= Instructions to follow =
Reproduce only the lines below from the line containing "Раскраска кошелек для детей" to the line containing "20pcs Artificial Apples", exactly as written, with both end lines kept. Omit the pictures.

= Data listing =
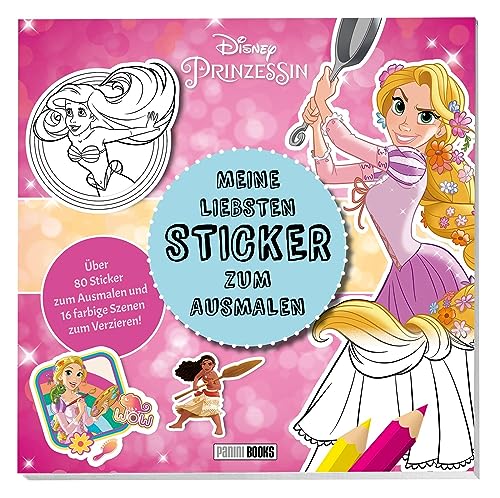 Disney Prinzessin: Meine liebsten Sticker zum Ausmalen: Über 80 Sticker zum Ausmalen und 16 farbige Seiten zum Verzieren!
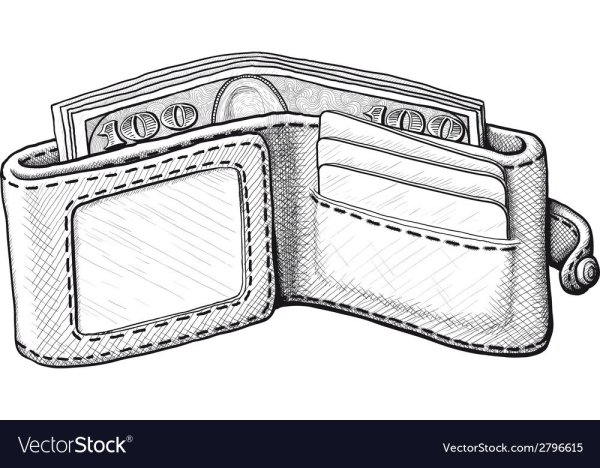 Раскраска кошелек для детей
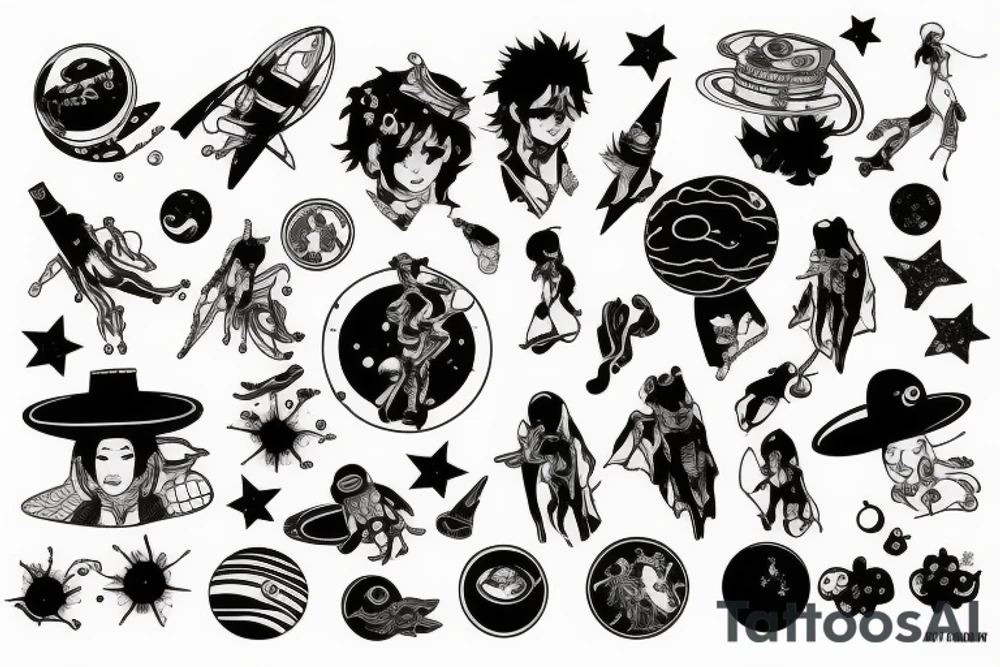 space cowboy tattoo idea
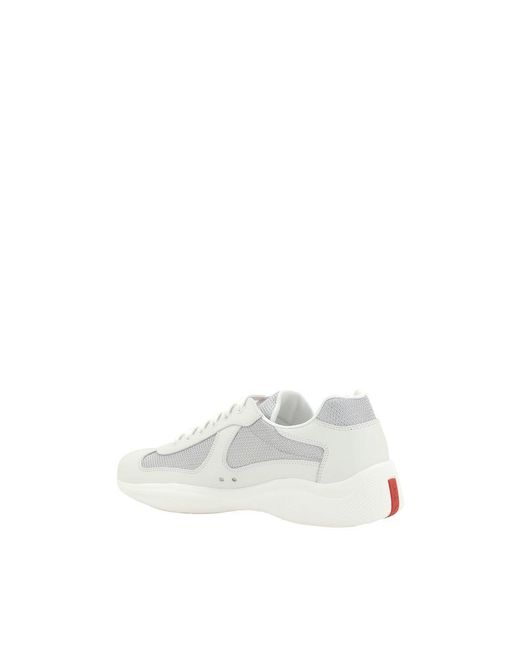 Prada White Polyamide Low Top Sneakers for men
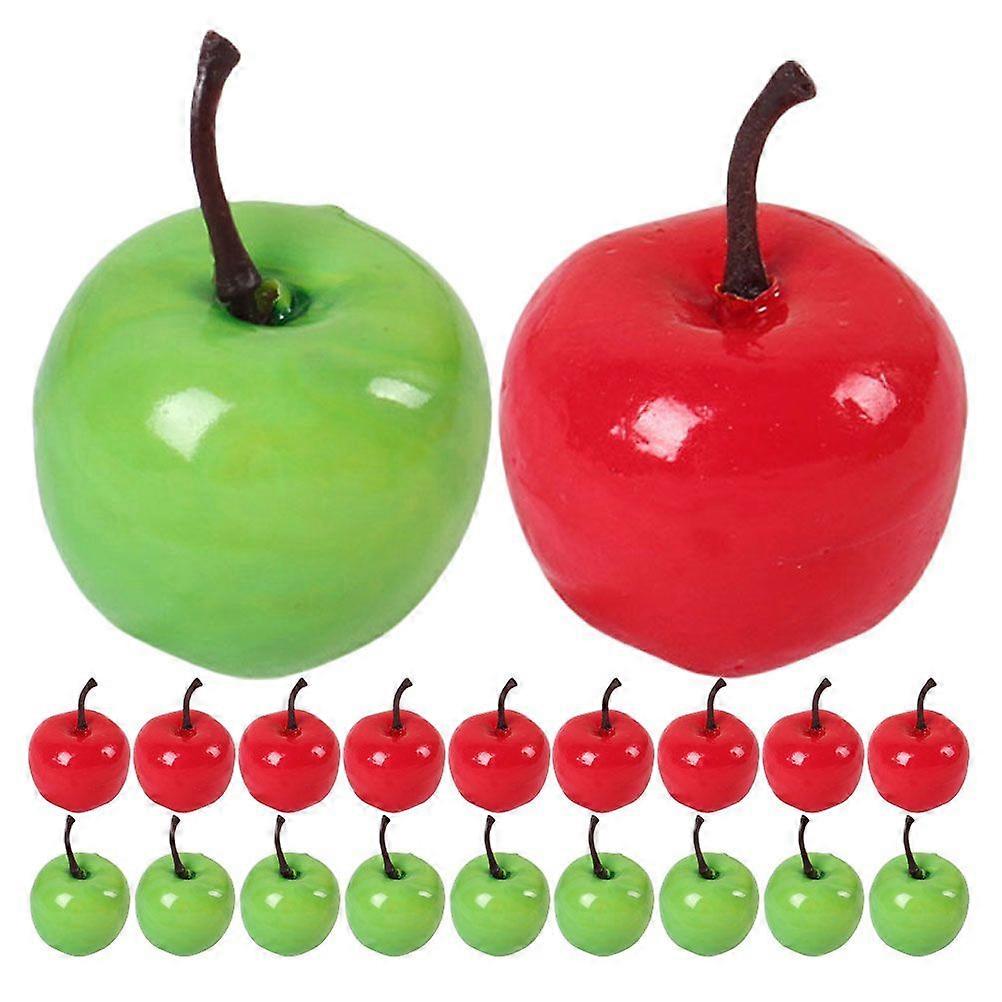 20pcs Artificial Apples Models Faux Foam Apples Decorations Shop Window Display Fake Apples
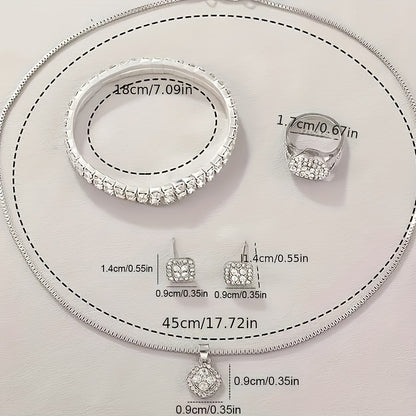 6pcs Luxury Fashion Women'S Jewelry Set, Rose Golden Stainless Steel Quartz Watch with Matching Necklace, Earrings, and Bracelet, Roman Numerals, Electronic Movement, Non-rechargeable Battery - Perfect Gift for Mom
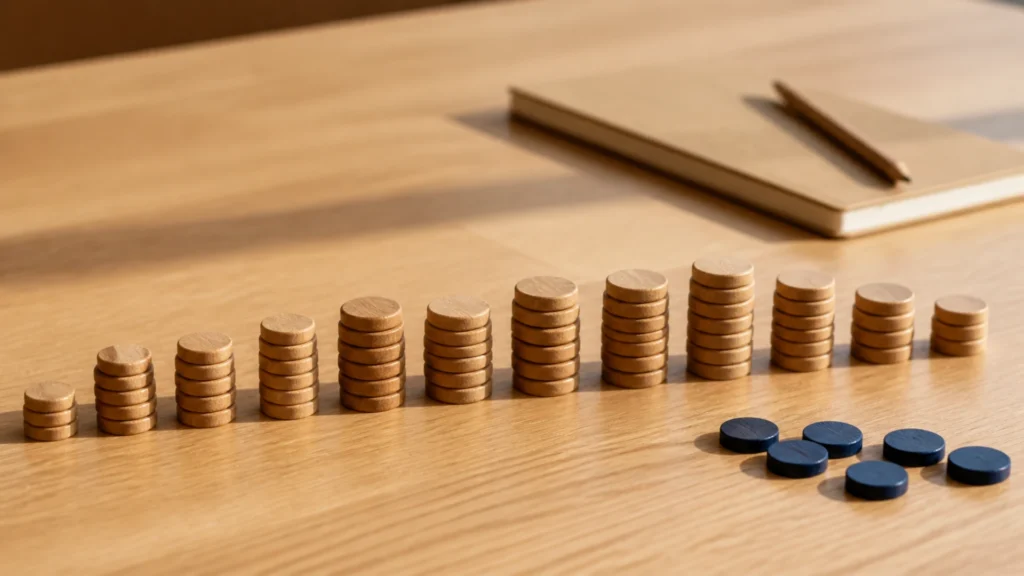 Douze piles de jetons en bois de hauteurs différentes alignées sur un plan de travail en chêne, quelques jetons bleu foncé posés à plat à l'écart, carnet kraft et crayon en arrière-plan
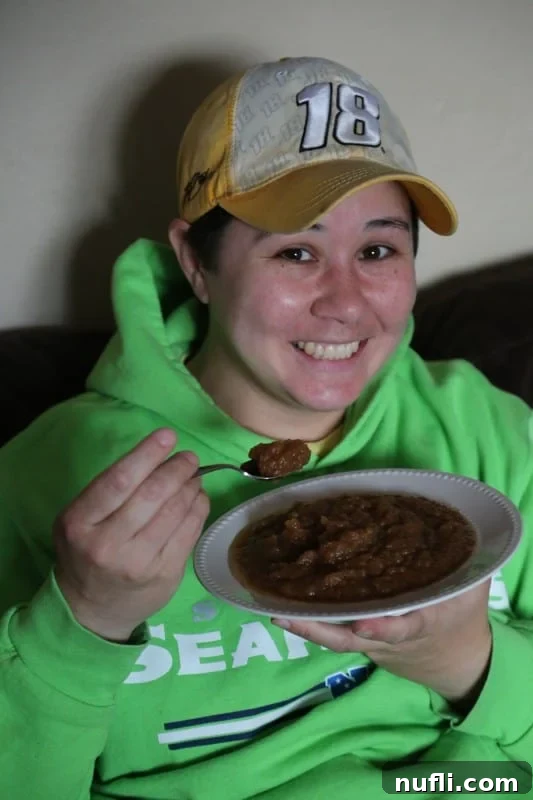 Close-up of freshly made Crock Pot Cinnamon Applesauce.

* * *

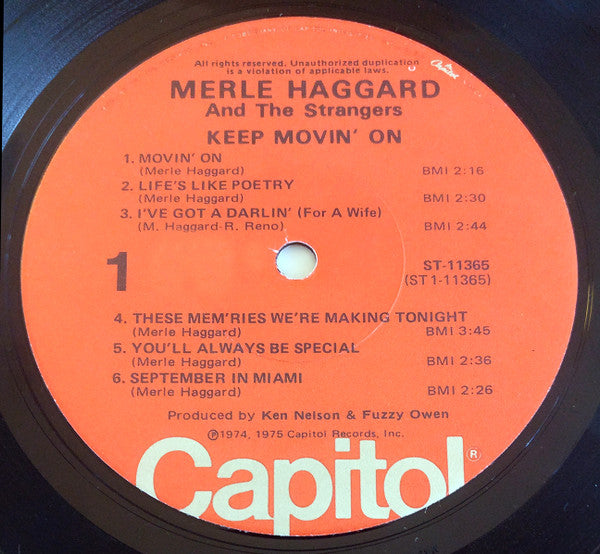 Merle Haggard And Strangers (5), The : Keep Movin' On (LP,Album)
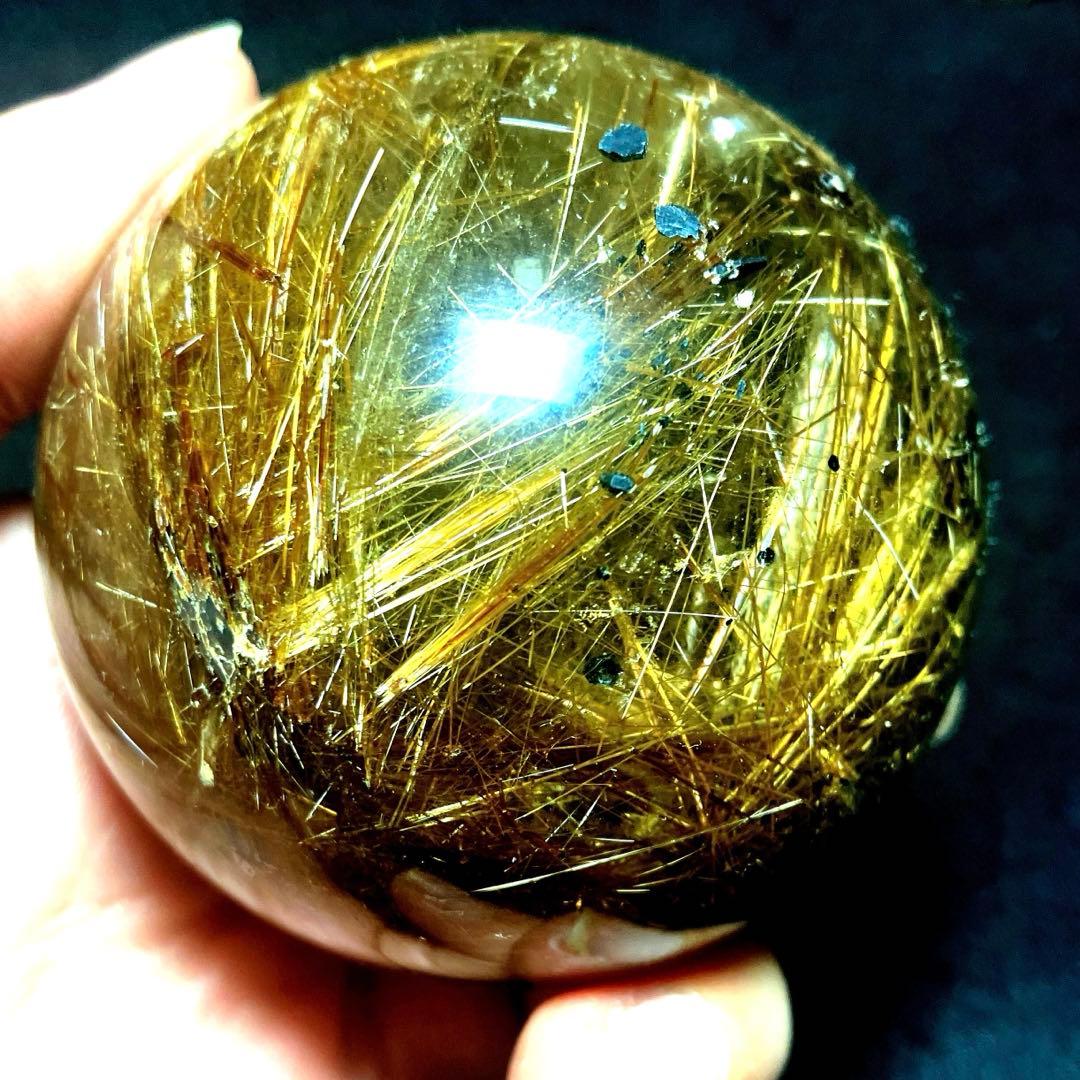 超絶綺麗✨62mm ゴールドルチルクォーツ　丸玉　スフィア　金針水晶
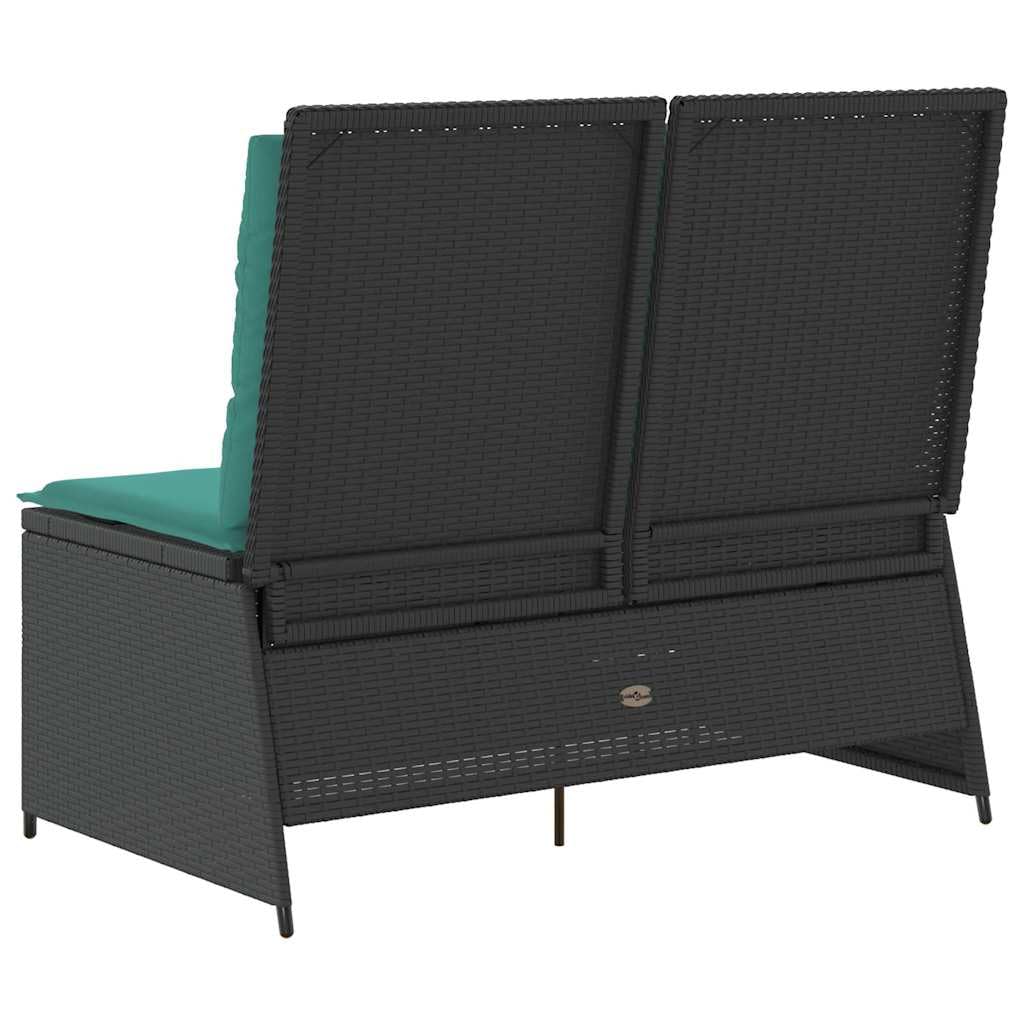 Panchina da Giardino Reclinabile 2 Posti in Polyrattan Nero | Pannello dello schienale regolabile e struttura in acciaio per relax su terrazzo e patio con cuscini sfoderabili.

= Problem solution =
 Раскраска кошелек для детей
 space cowboy tattoo idea
 Prada White Polyamide Low Top Sneakers for men
 20pcs Artificial Apples Models Faux Foam Apples Decorations Shop Window Display Fake Apples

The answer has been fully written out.